- [Directions for this task]: Transcribe exactly the line that contains "кокаин Азнакаево" and every line after it through the end of the records, with nothing else.

- [Data for this exercise]:

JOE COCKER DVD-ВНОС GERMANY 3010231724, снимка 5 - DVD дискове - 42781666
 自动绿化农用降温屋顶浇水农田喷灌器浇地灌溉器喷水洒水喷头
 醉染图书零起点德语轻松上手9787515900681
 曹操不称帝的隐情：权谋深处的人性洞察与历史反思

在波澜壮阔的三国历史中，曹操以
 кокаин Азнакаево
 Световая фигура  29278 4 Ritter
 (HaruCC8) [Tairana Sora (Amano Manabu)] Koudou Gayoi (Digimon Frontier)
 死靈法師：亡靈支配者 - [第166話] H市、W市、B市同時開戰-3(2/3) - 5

- [Your solution]:
 кокаин Азнакаево
 Световая фигура  29278 4 Ritter
 (HaruCC8) [Tairana Sora (Amano Manabu)] Koudou Gayoi (Digimon Frontier)
 死靈法師：亡靈支配者 - [第166話] H市、W市、B市同時開戰-3(2/3) - 5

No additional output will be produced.